Performance History[edit]

The cover of the program given to audience members during the ill fated Covent Garden performance which luckily did not result in the destruction of the opera house.

The premiere was considered one of the biggest fracases in operatic history as only one audience member had left before the Vienna Opera House burnt to the ground. Witnesses remarked that the opera house seemed to have collapsed in on itself and then erupted into fire. Only small traces of the original wood and tapestries from the inside structure of the opera house remained. The man who left the performance early due to a light migraine, wrote a favourable critique of the opera though he was careful not to mention any revealing details about its story or music. He was later quoted while temporarily interned in an insane asylum that he was lucky to get out of there before the third dimension of the second act began and finished at the same time. He was released from the asylum only after admitting that he made the story up (though his fingers were apparently crossed).

The most recent performance, in the Deutsche Oper Berlin in 2010, was considered a stunning success. Newspapers and news sources list the opera as a triumph of the imagination and an incredible moment in opera, along with hundreds of further praise. After a long string of compliments, there was little space left in news articles to give any detail about the performance of Elektra: The Opera. One can only assume that it must have been seen - instead of described - to understand this opera's power.

As no one from the Elektra performance nor any attending audience member, nor anyone associated with the production can be found, only pictures taken on smart phones gives us any clue as to the quality of the performance. One digital photo shows the stage lit from a strange blue light hovering over centre stage, spherical balls of water which seem to move throughout the opera house and waterfalls which consist of a silvery liquid which flow up instead of downwards. Little more of these images are comprehensible. This once again tells us that Elektra must be experienced in person to properly understand it.

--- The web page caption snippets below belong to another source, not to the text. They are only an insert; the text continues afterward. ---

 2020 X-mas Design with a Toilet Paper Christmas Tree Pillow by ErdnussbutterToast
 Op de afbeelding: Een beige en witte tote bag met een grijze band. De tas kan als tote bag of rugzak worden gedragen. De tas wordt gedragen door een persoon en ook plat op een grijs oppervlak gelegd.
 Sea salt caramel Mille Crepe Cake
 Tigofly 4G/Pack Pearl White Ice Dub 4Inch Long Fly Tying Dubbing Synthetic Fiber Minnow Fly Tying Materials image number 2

Criticisms and Praise[edit]

The opera has received universal praise and no criticism.

La Scala has already prepared a set design for the second act of Elektra: The Opera in anticipation of the materialisation of the score somewhere here in this world. While the creative director admits designing a stage is difficult before the score and libretto is available, it was pointed out that a stage has to be designed at least one year in advance which was also a good point.

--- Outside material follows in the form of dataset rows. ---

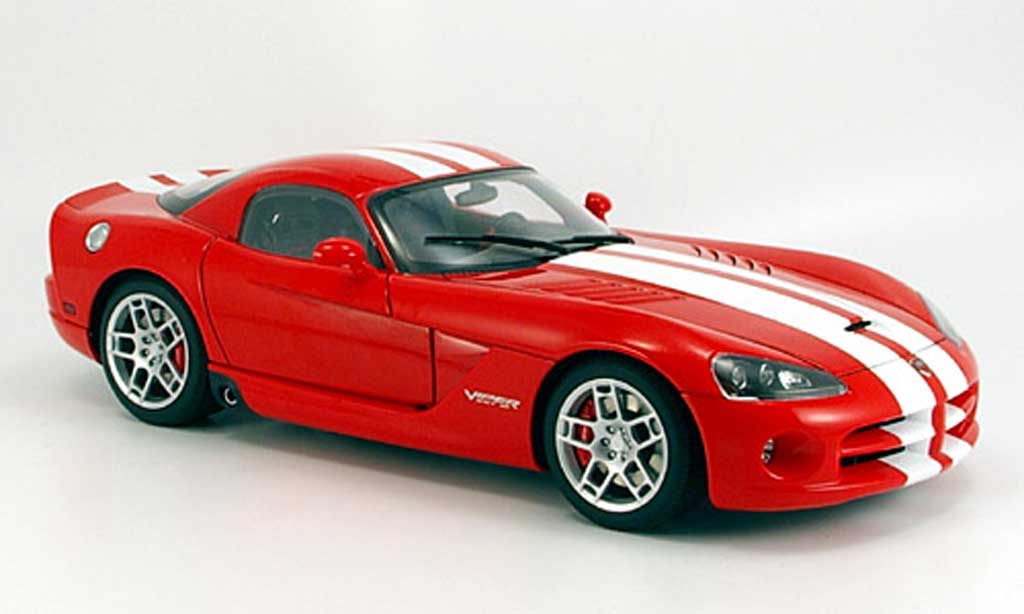Dodge Viper SRT 10 1/18 Autoart SRT 10 coupe rood avec bandes wits 2006 modelauto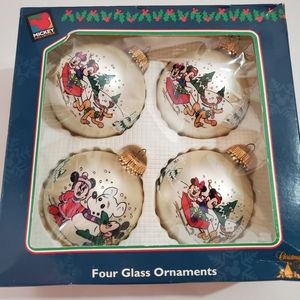 Disney Four Glass Ornaments Vintage‎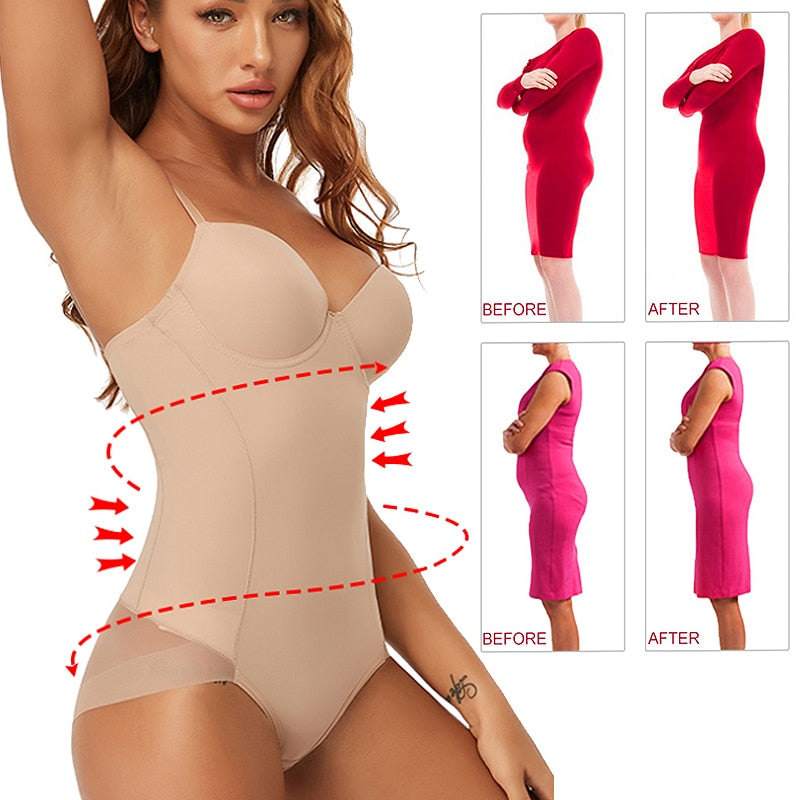 Tummy Control Body Shaper Seamless Shapewear with Built-in Bra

The future of Elektra: The Opera[edit]

No scores, librettos nor any other material nor copies of it can be found for future productions of Elektra: The Opera which makes further performances of it rather difficult. Stories of the score, suddenly appearing on the desks of opera managers in shiny metallic like cylinders are numerous and it is expected that this may happen again in the near future. Elektra: The Opera scholars are eagerly anticipating the next appearance of the music and its performance, undeterred by the seemingly large amount of bad luck that opera houses have with the opera. While the performance of Macbeth is known to be somewhat plagued by interrupted performances and actors breaking their legs, Elektra: The Opera has been associated with accidental death and mass disappearances. In any case, La Scala, in Milan, has left a slot open in its next season in case the opera is found. Their insurance agency has warned them that they will not offer them their current premiums if they attempt a performance of the opera. La Scala has not commented on the matter though they did say that possible performances of Elektra: The Opera have sold out in anticipation of the score materialising out of thin air.